After graduating from radio-radar school, McGill was sent to Jacksonville, Fla. for pre-flight training, where the men had to qualify by skeet shooting with a shotgun.
“My dad's duck hunting training really paid off here,” McGill said. “I qualified in short order.”
McGill and his buddy, Joe Micare, were the only two Navy gunners to be assigned to an all-Marine dive bombing squadron at Cecil Field, Jacksonville, Fla., McGill said.
The men received directions for their first training session — dive bombing on a specific target from about 10,000 feet.
He said the gunners were instructed to keep their intercom mike open, confirm to the pilot that the dive brakes were in place for the dive, and call out the altitude to the pilot, because, “He's going to be busy staying on his target,” McGill explained.
McGill would look back over his shoulder at the instruments and call the altitude out to the pilot as the plane hurtled down toward the ocean.
“I loved it,” he said.
When training was completed, the squadrons were broken up because the pilots were needed as instructors.
The friends were transferred to North Island, San Diego, to await further orders.
About a month later, McGill was assigned to VC 14, a torpedo bombing squadron.
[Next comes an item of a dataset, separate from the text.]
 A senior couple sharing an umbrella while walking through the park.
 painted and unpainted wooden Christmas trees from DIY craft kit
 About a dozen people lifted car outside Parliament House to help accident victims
He was sent to a naval air station in Oxnard, where his gunnery duties consisted of a operating a single .30-caliber machine gun from the tail of the airplane and communicating on the radio.
McGill's squadron practiced anti-submarine warfare and skip and dive bombing operation at bases around the country, including Twentynine Palms Naval Air Station.
After more moving and training, McGill was finally aboard an aircraft carrier headed to Barbers Point, near Oahu.
Dumped on the island with nothing to do for 12 days, the squadron was finally assigned to a new carrier.
“We were on our way to Guam to get ready for the final push against Japan,” he said.
During the trip, the atomic bomb was dropped, the war was over, and the ship returned to Barber's Point.
Back in the States, McGill was assigned to Air Transportation Service until his discharge.
Flying around the country aboard a C-47 transport plane, “I was like a glorified stewardess,” he said, laughing. “All I had to do was check the cargo and manifest report, see that everyone aboard had a box lunch, and turn on the generator switch for the pilot.”
After his discharge, McGill took immediate advantage of the GI Bill and took flying lessons, becoming a commercial pilot.
He did a little instructing and flew some charters, but a different career took flight.
“I've been in the real estate business for 54 years,” he said.
He still has his pilot's license and he continues to indulge his lifelong love of flying.